In 1600, the Roman Catholic Church burnt Giordano Bruno, a Renaissance philosopher who proposed that stars were just distant suns and some of their planets could foster life as well. The Inquisitors declared that Bruno held opinions contrary to the Catholic faith and, therefore, deserved death. As late as 2000, Cardinal Angelo Soldano, the first person since 1828 to serve simultaneously as dean of the College of Cardinals and secretary of state, had the cheek to claim that Bruno’s inquisitors “had the desire to serve freedom and promote the common good and did everything possible to save his life.”

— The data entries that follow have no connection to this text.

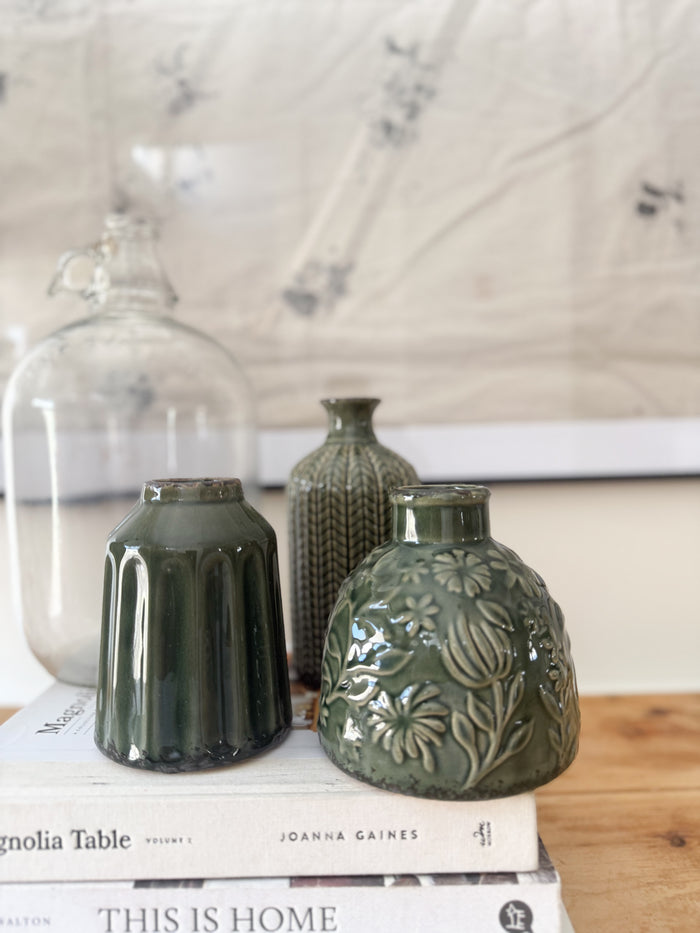 TEXTURED BUD VASE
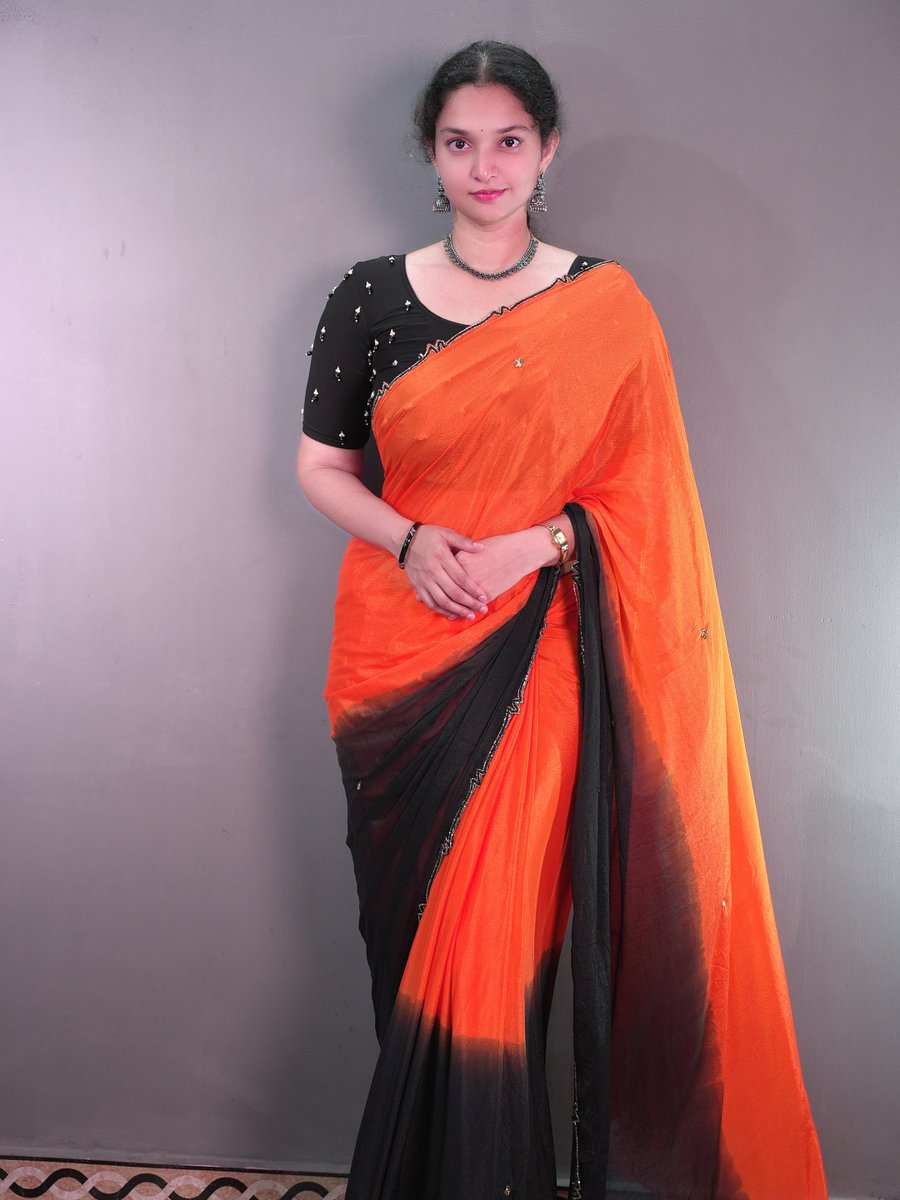 SumiiTalks's tweet photo. Saree link 👇
https://t.co/PDTNyBm2OZ

#ootdmagazine #studiophotography #kajalagarwal #celebrity #sumiivastra https://t.co/GGL72WYGkc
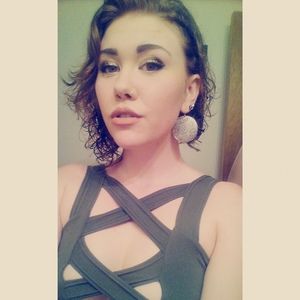 Meet your Posher, Kayley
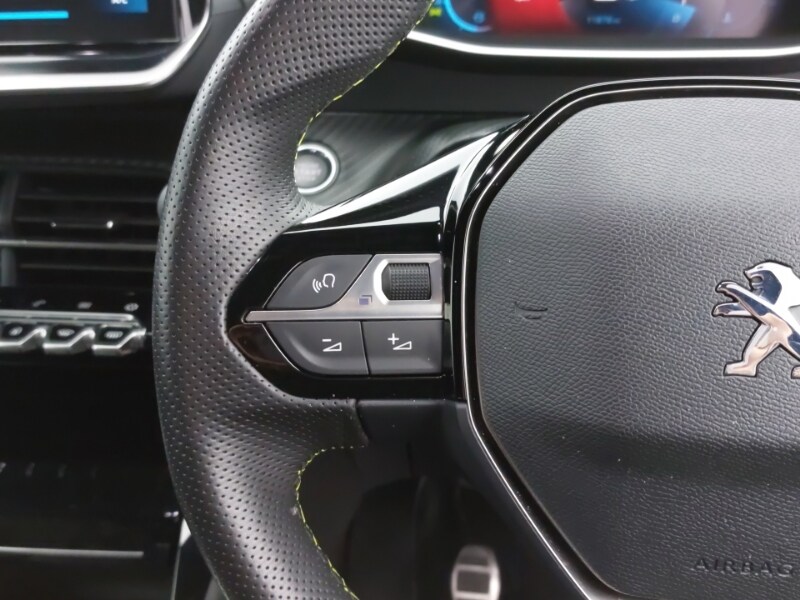 Used Peugeot 2008 2022 for sale - 77907897: Photo 17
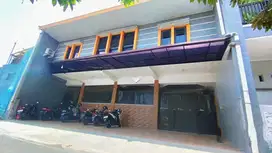 Rumah Sewa Bagus Kokoh 2 Lantai, Prospektif untuk Kantor, Kost, Cafe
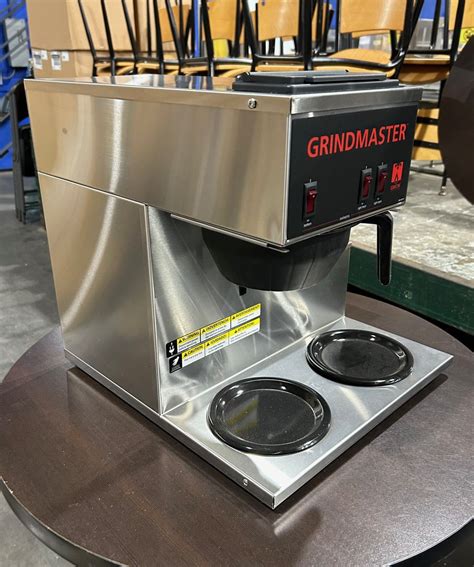 NEW GRINDMASTER CPO-3RP-15A 0002-30005 POUROVER COFFEE BREWER WITH 3 ...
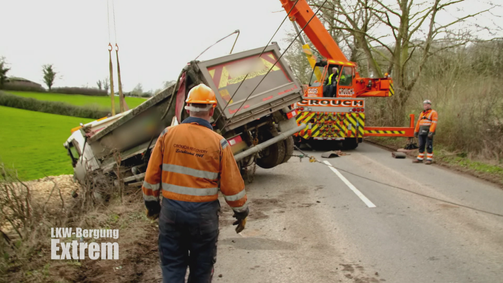 LKW-Bergung extrem LKW-Bergung extrem Folge 16: Pannenhelfer leben gefährlich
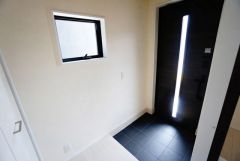 採光も考えられた明るい玄関です。大容量のシューズボックスは家族全員の増えがちな靴や物をすっきり収納できます。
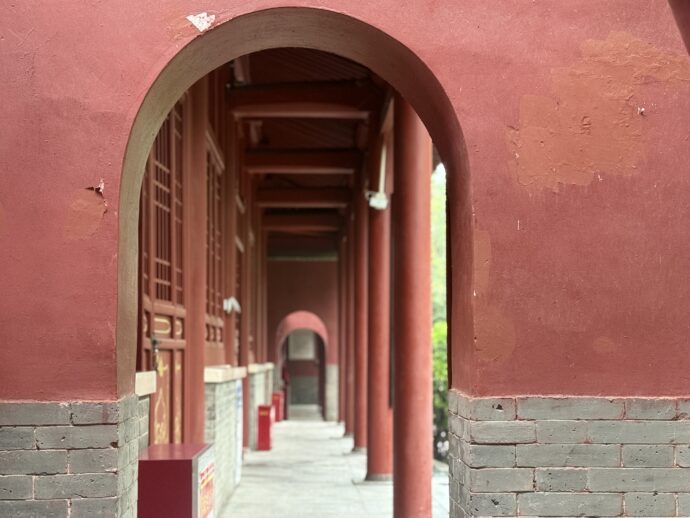 臨済寺の赤い通路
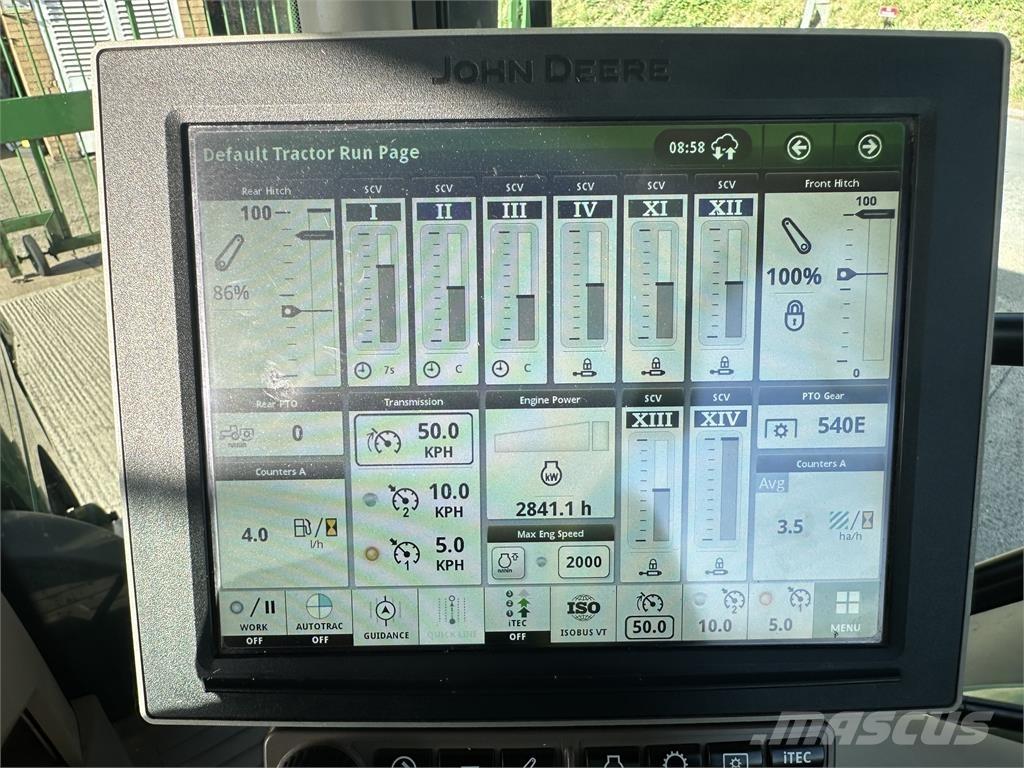 John Deere 6R215 Traktoren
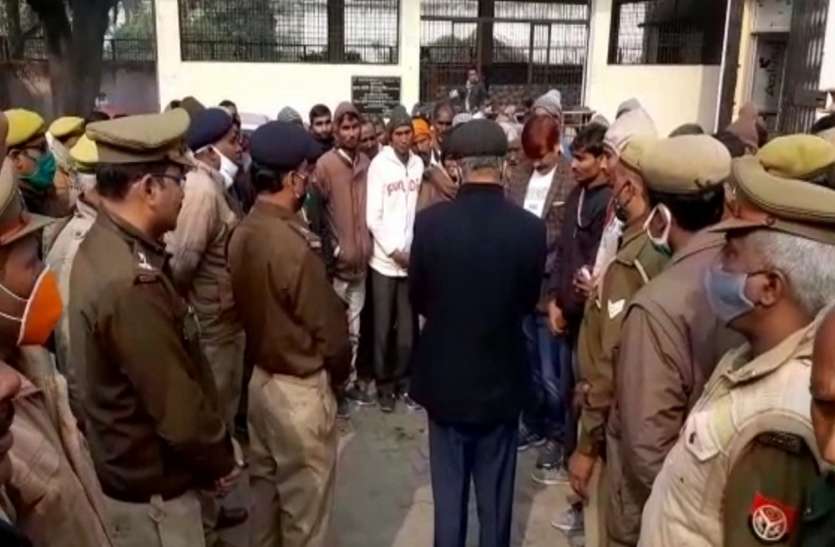 रात भर निभाई ड्यूटी फिर भी सुबह नहीं पहुंच सके घर रात भर निभाई ड्यूटी फिर भी सुबह नहीं पहुंच सके घर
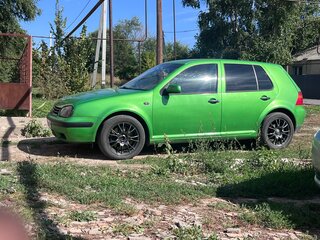 2000 Volkswagen Golf IV, зелёный, 320000 рублей, вид 3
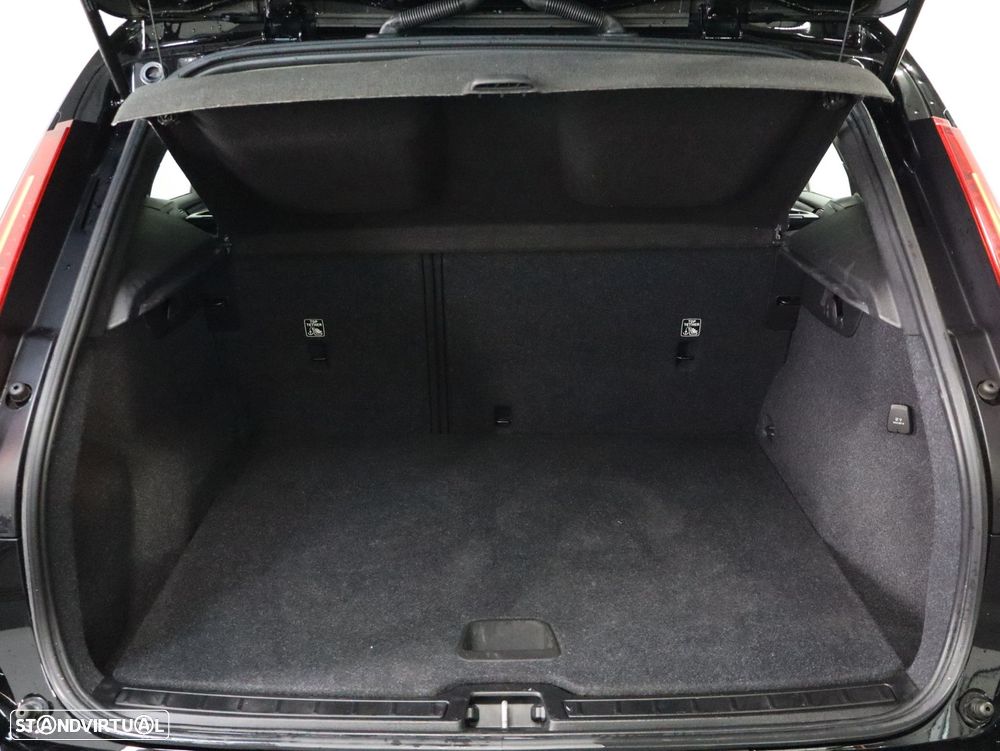 Volvo XC 40 1.5 T4 PHEV Essential - 22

In 2015, some crazed Islamist terrorists have avenged insults to Prophet Muhammad by killing some of France’s finest cartoonists in Paris. La grande nation has a long history of radical philosophy, anti-clericalism and biting satire. Charlie Hebdo represented the best of the French tradition and took pot shots at everyone. In 2012, it published a cartoon of Prophet Muhammad naked and crouching. The magazine’s office was firebombed the next day. Undaunted, Charlie Hebdo continued to mock Muhammad. In an interview with Le Monde, Managing Editor Stéphane Charbonnier, or “Charb,” declared: “What I’m about to say is maybe a little pompous, but I’d rather die standing up than live on my knees.” Tragically, Charb got his wish.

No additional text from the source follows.